On devine aisément de quoi il s’agit, mais au delà de l’acte physique, de l’attirance et du désir, c’est tout le brouillard amoureux qui est fouillé dans L’amour est un dumpling. Une nébuleuse à la fois complexe et décomplexée à l’ère contemporaine. Ces jeunes gens libres, malgré leur engagement respectif avec quelqu’un d’autre, en ont vu d’autres et ont probablement déjà tout essayé. Lors de leur deuxième rencontre, les sentiments demeurent toujours flous ou non-assumés, ce qui revient un peu au même.

Coco, Sissi et Claudia

Dans la préface des de ses deux textes précédents (Coco et Sissi, publiés chez Remue-ménage dans la collection la Nef), Nathalie Doummar parle du « désarroi » de ses personnages. On peut en dire autant de sa Claudia, et de Marc, dans cette pièce coécrite avec Mathieu Quesnel. Les thèmes du couple, de la parentalité, de la fidélité et du désir sont explorés avec finesse, mais nous laissant toujours un petit arrière-goût amer.

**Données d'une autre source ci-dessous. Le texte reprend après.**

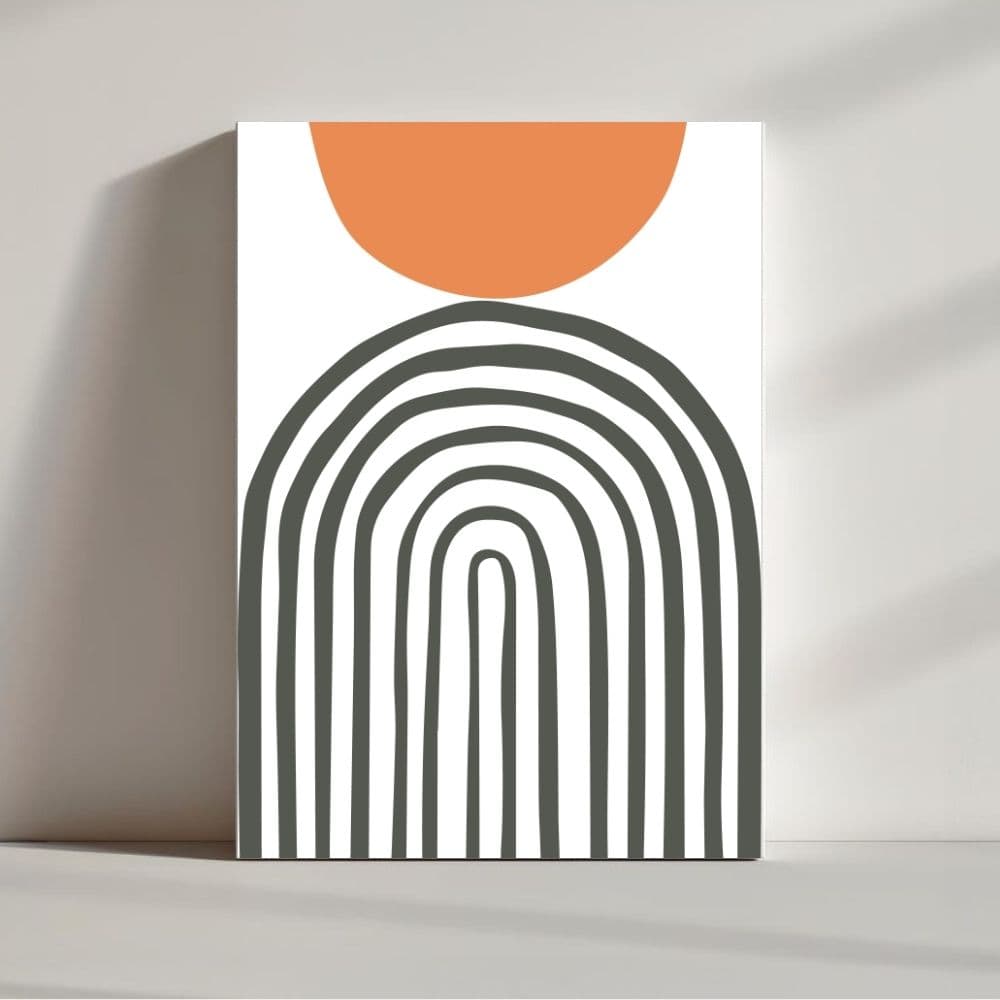 Sun Over Arched Pathway Form – Boho Canvas Wall Art ()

Englués dans des vies frôlant la banalité, les deux « amis-amoureux » ont sans doute besoin l’un de l’autre pour se rappeler les délices de la passion. Leur regard lucide, voire cynique cependant, sur la vie qui les entoure et leur propre vide intérieur, les empêchent, chaque fois, de revenir totalement en arrière, vers ce qu’ils ont été l’un pour l’autre, ou de changer définitivement de route devant. De quoi être désorienté, sinon désabusé.

Les dialogues savoureux se suivent à un rythme effréné. Du sur mesure pour ces acrobates du langage que sont Simon Lacroix et Nathalie Doummar. Les deux reprennent leur souffle grâce à la présence d’un troisième personnage, la dame du restaurant jouée par la sympathique Zhimei Zhang.

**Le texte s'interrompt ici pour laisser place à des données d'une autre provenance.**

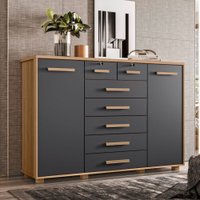Cômoda Fontana 2 Portas 7 Gavetas 112135 Albatroz Nature/Titanium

Maîtrisant totalement les moments comiques, la mise en scène de Mathieu Quesnel se sert aussi très bien du décor luxuriant et de tous les recoins du plateau pour faire bouger ses personnages qui, de toute manière, ne tiennent pas en place. Avec seulement trois acteurs·trices, la grande salle de Duceppe est rarement apparue aussi petite. Et, il y a la musique. Des chansons aux textes appropriés, interprétées avec aisance et de fort jolies voix. Simon Lacroix et Nathalie Doummar convainquent ainsi de l’étendue de leur talents.

Évidemment, la relation tordue de leur personnage respectif n’apporte que peu de réponses aux remises en question du couple moderne. Si l’amour est un dumpling, est-il aussi mou qu’on peut le voir ici ou aurait-il des vertus cachées dans les replis de sa pâte, si difficiles à saisir? Avec ou sans baguettes. Mystérieux, oui, savoureux, certes, nourrissant, peut-être pas.

L’amour est un dumpling est présentée chez Duceppe jusqu’au 25 avril, Il reste des billets pour les supplémentaires. En webdiffusion, une réalisation de Stéphane Lapointe, est aussi disponible.